La délégation de N’Djamena a été accueillie à Koumra vers 8h par des officiels, bien que le gouverneur de la province, Adoum Fortey, soit absent, car il se trouve avec son équipe sur le terrain, à mi-chemin entre le village de Bara 2 et le campement des éleveurs impliqués dans le massacre de neuf personnes, hommes, femmes et enfants.
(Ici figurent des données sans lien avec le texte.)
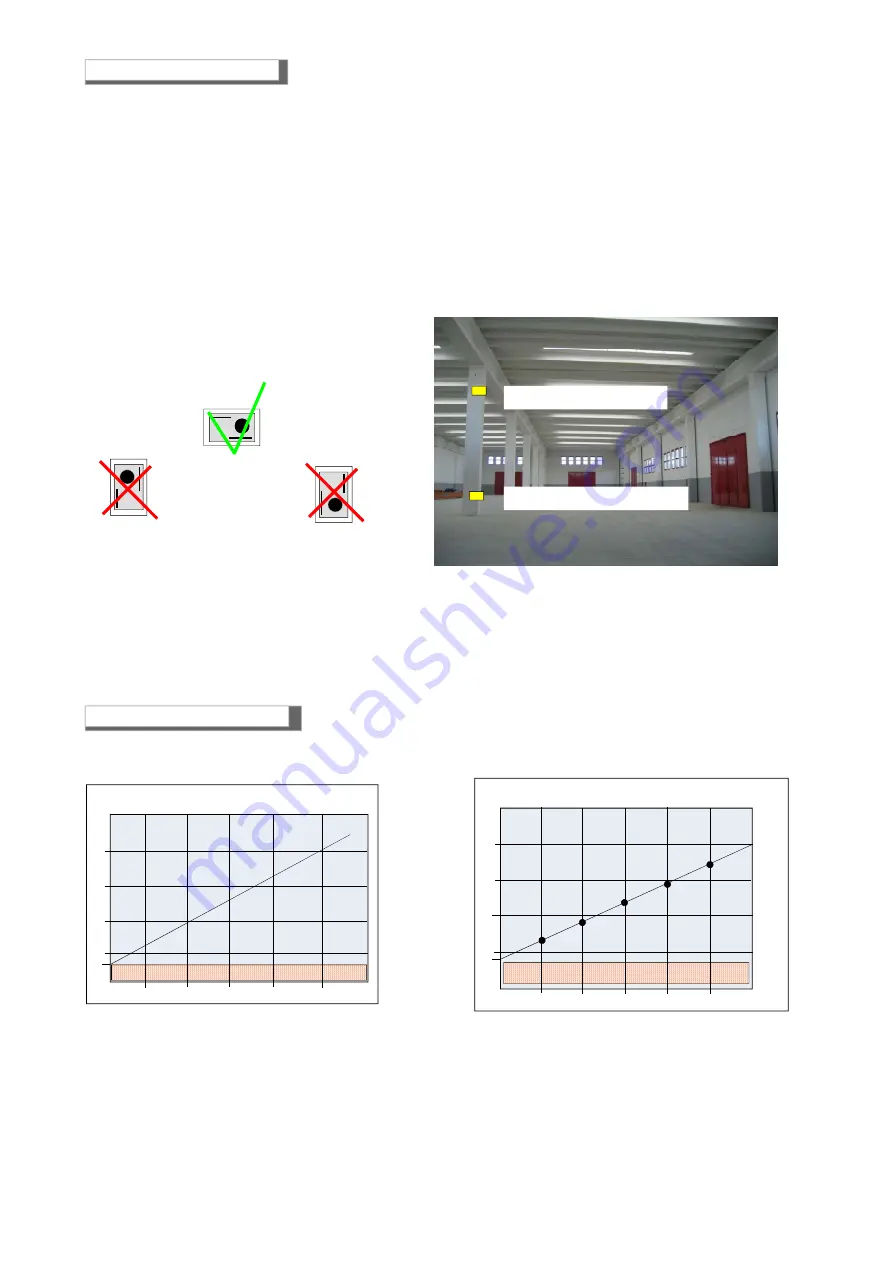 BEINAT SG544 Manual Download Page 4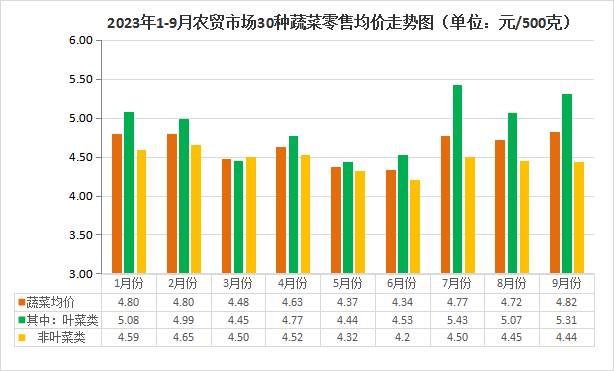 新澳精準(zhǔn)資料大全，穩(wěn)定性策略解析_Essential59.92.74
Peu après midi, la délégation pénètre dans le village de Bara 2, mais les rues semblent désertes, donnant l’impression d’un village fantôme. La population s’est rassemblée sur la place publique, une foule immense attend avec impatience l’arrivée de la délégation venue de la capitale. L’émotion est palpable, les femmes en pleurs, le visage entre les mains, symbole de désarroi et de calamité, entourées de milliers d’hommes, principalement des jeunes et des enfants, pour la plupart armés de couteaux de jet, de sagaies, d’arcs, de gourdins, et bien d’autres. Leurs pleurs déchirants plongent l’atmosphère dans un état morbide, rappelant la gravité de la situation. En effet, ils ont récemment enterré neuf des leurs, victimes de la bêtise et de la barbarie humaine.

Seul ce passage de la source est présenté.